The reason I am rehashing this old story is because the whole country is about to experience what Maryland experienced lo these many years ago. Most states have signed on to implement, beginning this year, more sophisticated assessments -- PARCC and Smarter Balanced. Both are designed to see if kids can solve complex problems and think critically in line with the Common Core State Standards.

Kids are going to be flummoxed and teachers enraged, as is happening in New York state this year as it puts in place a tougher assessment. But if teachers believe their kids are capable of learning to high levels, and if they believe that they are capable of teaching them, they will find the ways to teach students to the high levels required by the assessments. Not that they should have to do that all by themselves. Teachers should get a lot more support than Maryland provided Linda Eberhart and her fellow teachers back then. Eberhart was an extraordinary enough teacher that even while many other teachers in the state floundered without the necessary support, she proved that all kids could meet higher standards if THEY were provided the right kind of support.

But if Linda Eberhart is the story of hope, Maryland as a whole is a cautionary tale.

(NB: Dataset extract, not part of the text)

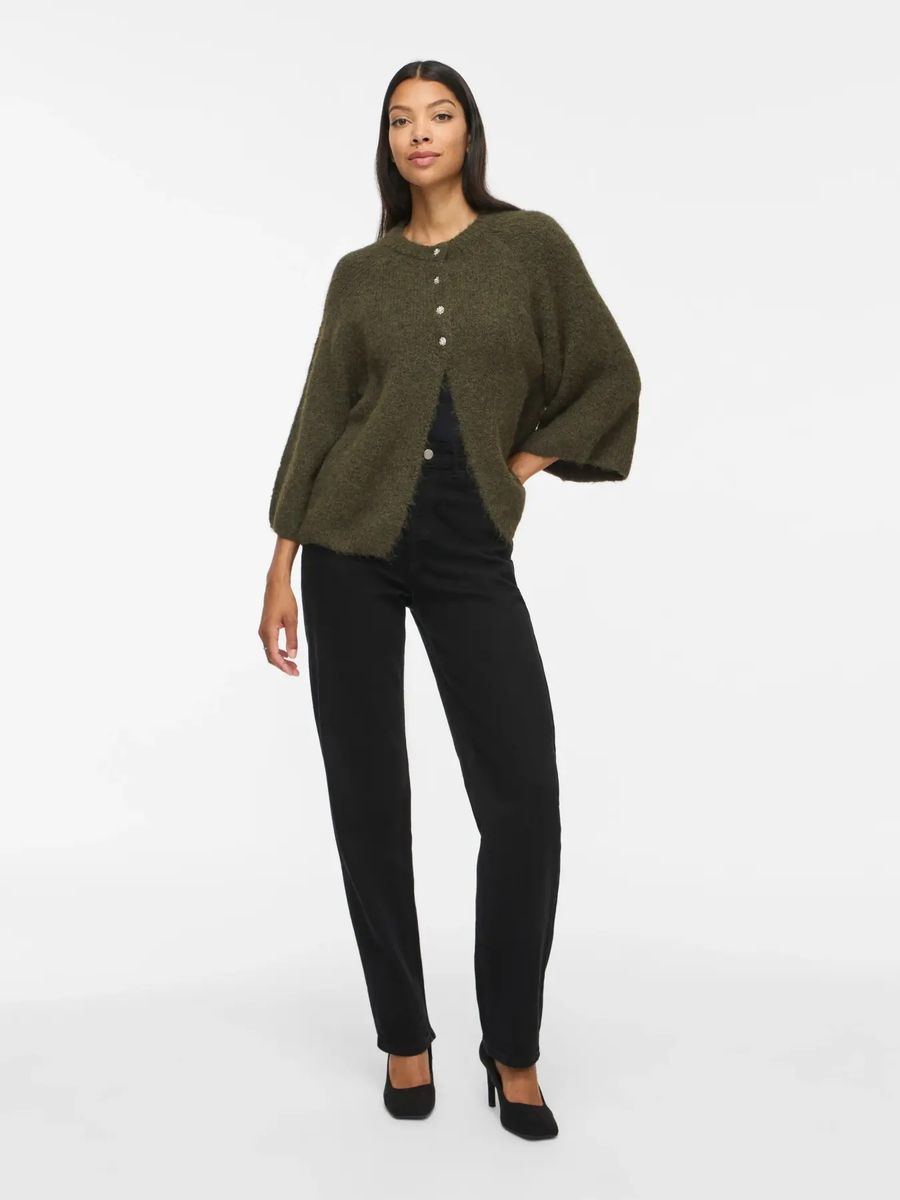 BOWS 3/4 KNIT CARDIGAN M/METALL KNAPPER - OLIVEN MELERT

It gave up those sophisticated MSPAP exams in favor of more easily and cheaply scored bubble-in tests that don't have nearly the rigor or fun of the old tests. It did so for a lot of reasons, but at least partly because the state and its school districts were never able to provide really coherent support of teachers to help students meet the standards of MSPAP.

All that being said, Maryland has had very impressive gains on the National Assessment of Educational Progress over the past couple of decades, and I believe MSPAP helped kick start those gains. That is why I hope the nation's teachers will find ways to teach to the new, better assessments and not just throw up their hands in frustration.